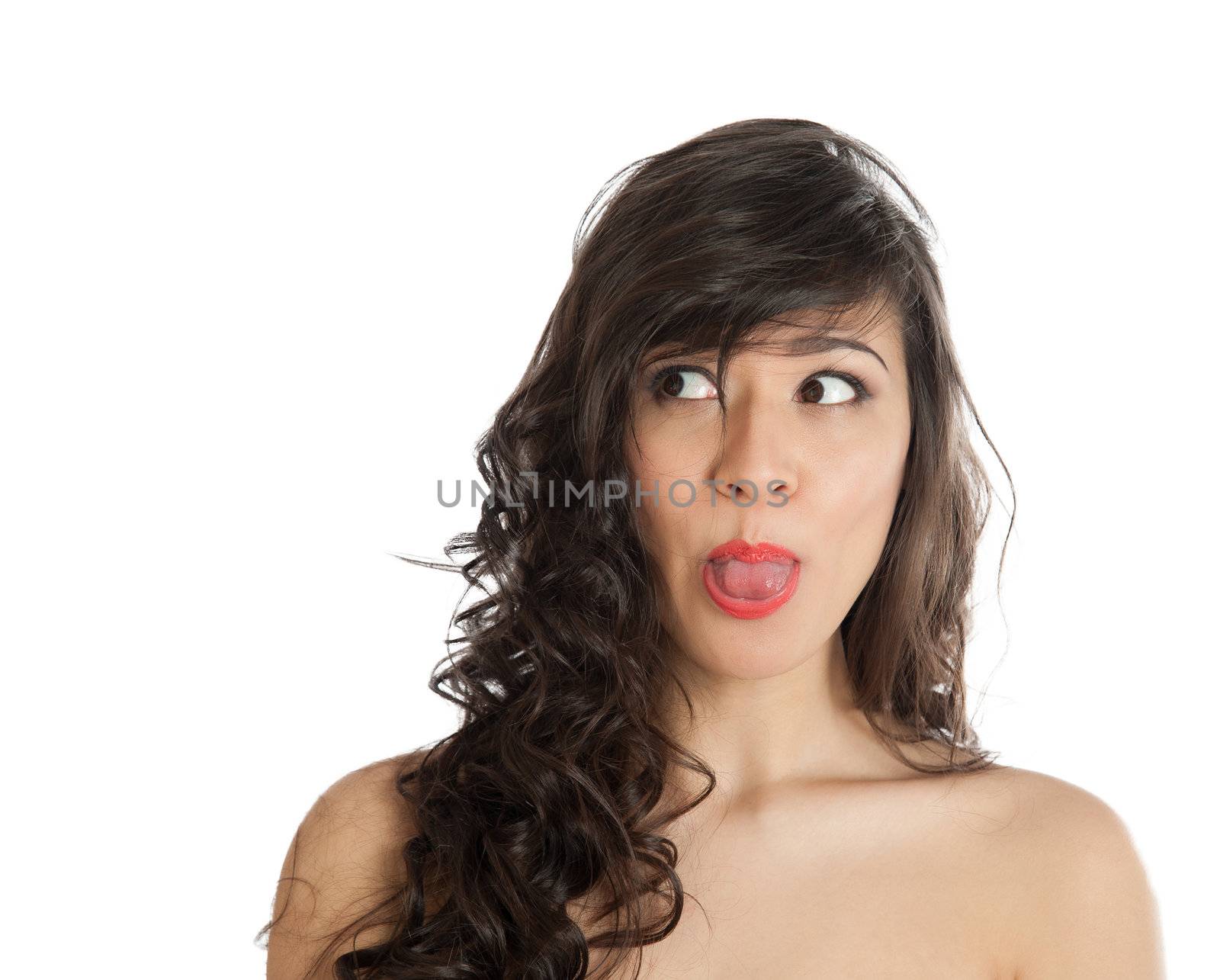 Portrait of a woman showing tongue on white background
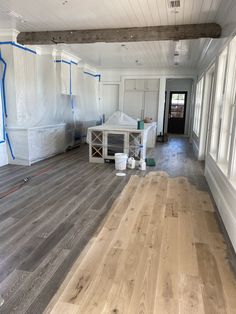 an empty room with white walls and wood floors in the process of remodeling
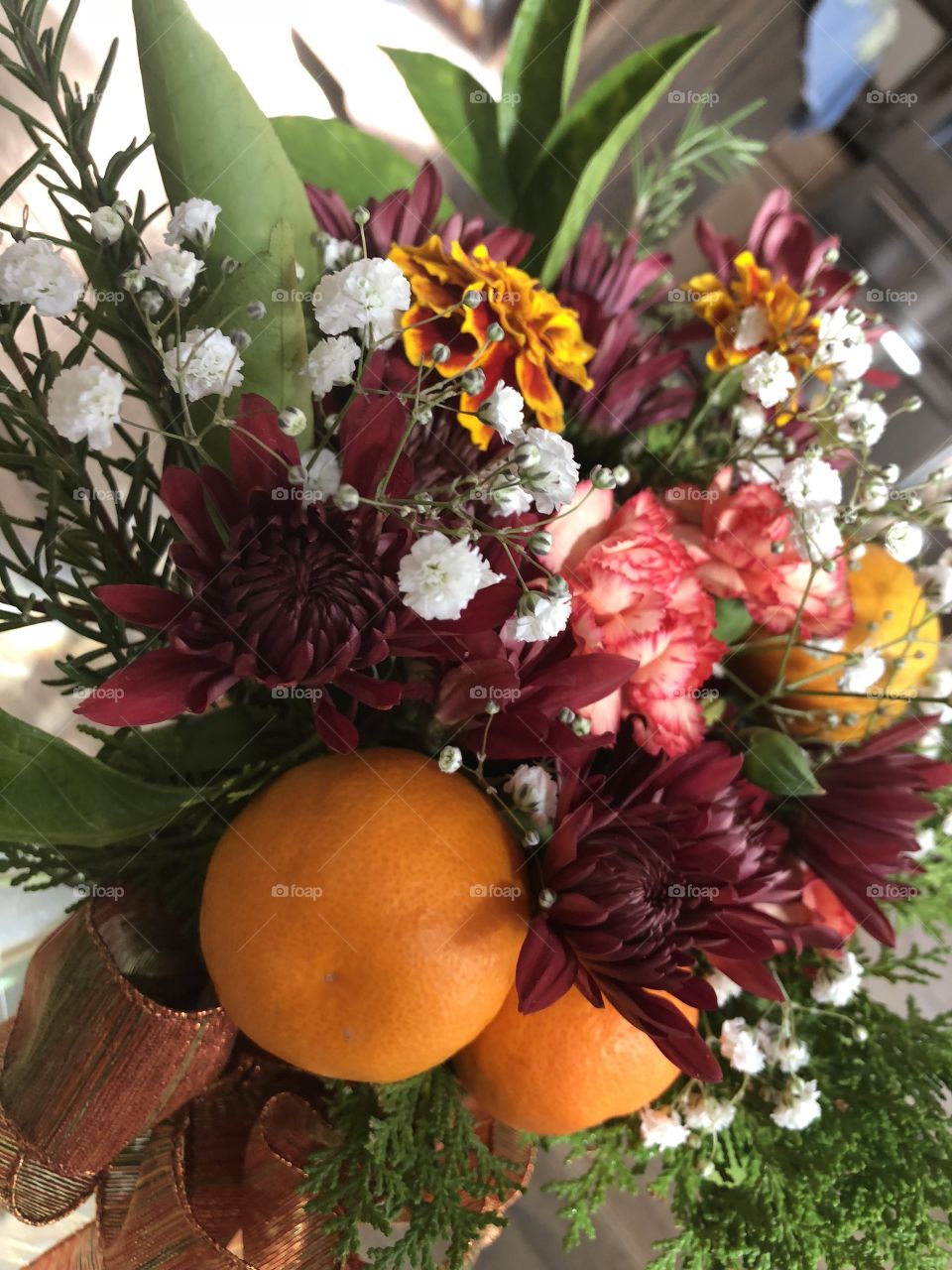 A beautiful, elegant harvest floral and fruit arrangement perfect for the thanksgiving table. 
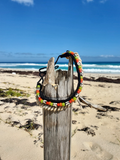 Colorful beaded shell necklace on a wooden post with a beach and ocean background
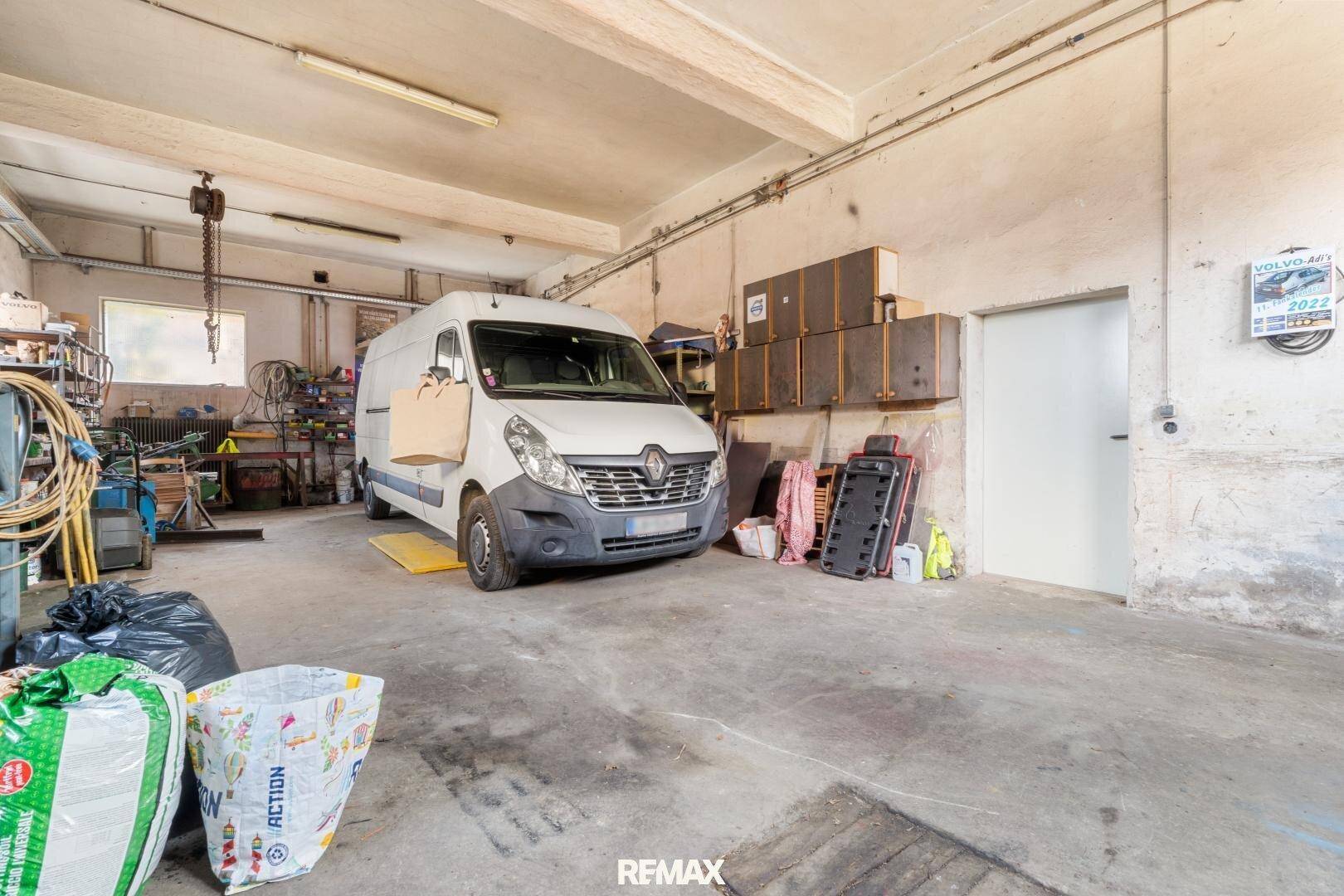 Geräumige Garage mit Betonboden, Werkzeugen und einem Lieferwagen.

*-*-*

PROBLEM DETAILS >>
Restate the data word for word from its first line through the line with "A beautiful, elegant", leaving out any picture along the way.

TASK RESULT >>
 Portrait of a woman showing tongue on white background
 an empty room with white walls and wood floors in the process of remodeling
 A beautiful, elegant harvest floral and fruit arrangement perfect for the thanksgiving table. 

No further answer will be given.